Several broadcasting companies have expressed interest in buying radio or television stations Capital Cities Communications will have to spin off to complete the $3.5 billion friendly takeover of American Broadcasting Cos.
Capital Cities Communications Chairman Thomas S. Murphy said earlier this week that the company would sell its Buffalo and New Haven television stations to satisfy Federal Communications Commission media cross-ownership restrictions unless the agency grants the company a waiver.
More television stations might be sold to bring the combined percentage of the national audience the two media giants reach down to 25 percent from 28 percent. Some or all the company's 50 cable television and up to 17 radio stations may also have to be sold by the company to satisfy federal requirements.
At least three companies -- Outlet Communications Inc., Cox Communications Corp. and Doubleday Broadcast Co. Inc. -- have expressed an interest in some of the properties so far. Media analysts have said as much as $750 million worth of assets may have to be divested to complete the deal.
"We're interested in both the TV and radio stations; we'd take 'em all," said Bruce Sundlun, chairman of Outlet Communications Inc., a subsidiary of the Rockefeller Group. "I have written Murphy about my interest."
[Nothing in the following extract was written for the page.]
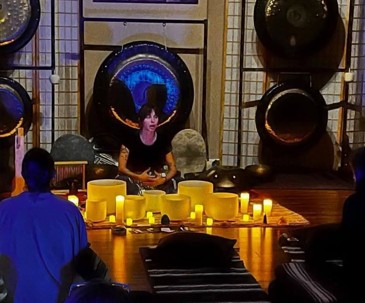 Person standing behind a table with yellow candles, with large gong and drums in background, audience seated nearby.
Sundlun said his company is free to acquire five more television stations and 19 radio stations under FCC rules. "We want to acquire everything that Mr. Murphy has for sale," said Sundlun. "We'll go through the trouble of selling off anything that doesn't fit."
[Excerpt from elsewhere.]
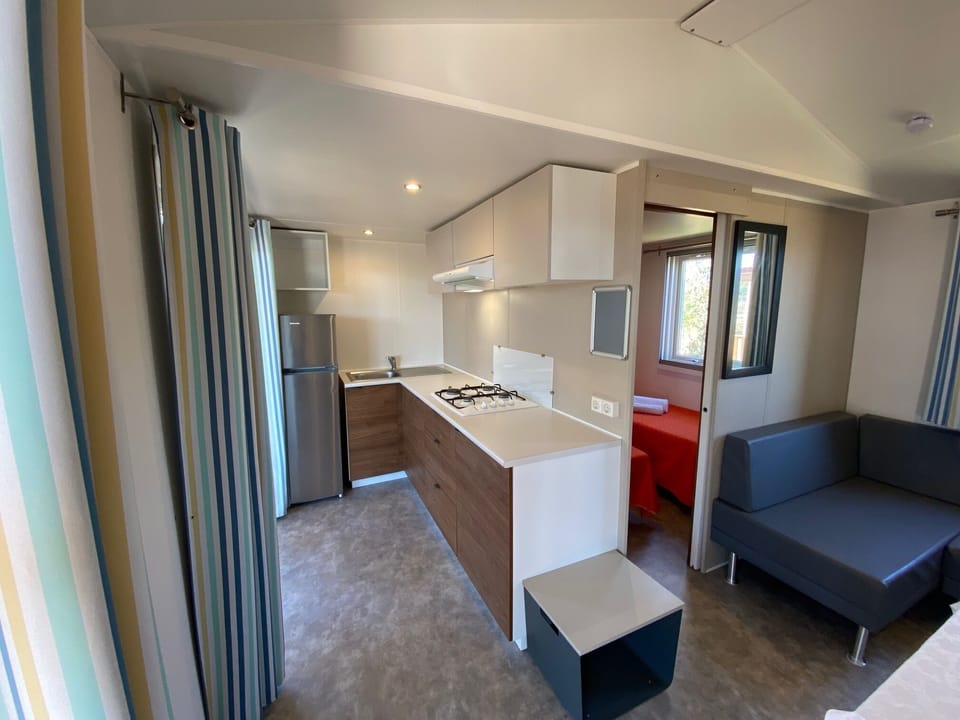 Deluxe Mobile Home, 2 Bedrooms, Sea View | Private kitchen | Fridge, cookware/dishes/utensils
Cox Communications Corp. is interested in a package of radio and/or television stations, said Michael Klievman, senior executive vice president. "Almost all of the ABC stations have to be sold and all of the radio stations," he said. "The chances of them packaging it are pretty good and we are looking at every combination possible."
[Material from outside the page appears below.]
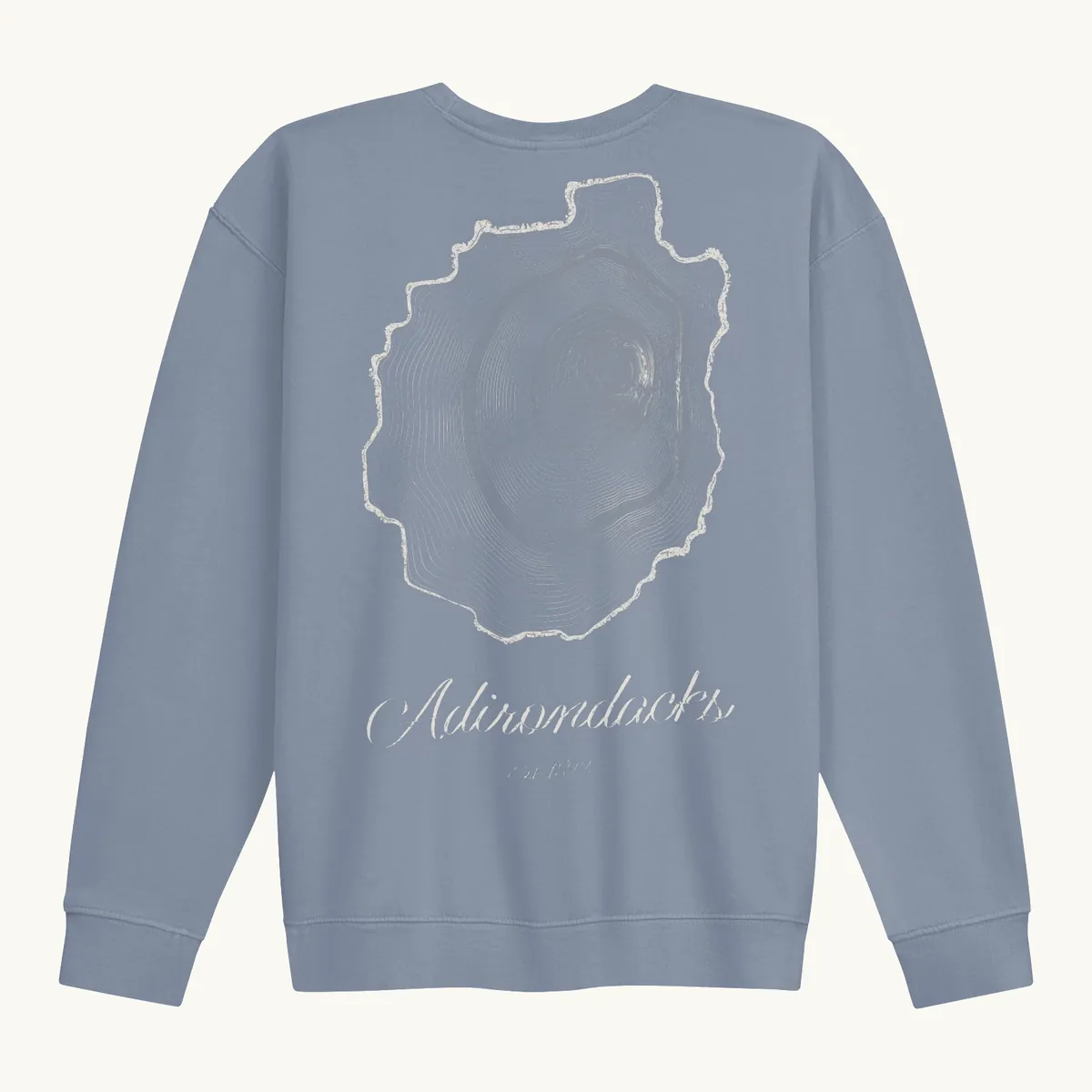 Tree Ring Crewneck in Blue Jean, back: the Ring & Ridge tree rings in the shape of the Adirondack Park.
Gary Stevens, president of Doubleday Broadcasting Co. Inc., told Capital Cities he'd like one ABC FM radio station. "Any way you cut it this will have the most profound effect on the ownership structure of radio properties that I have ever witnessed in this business," Stevens said. "It may presage the beginning of a whole new company or it might make some smaller companies big players or make big companies bigger."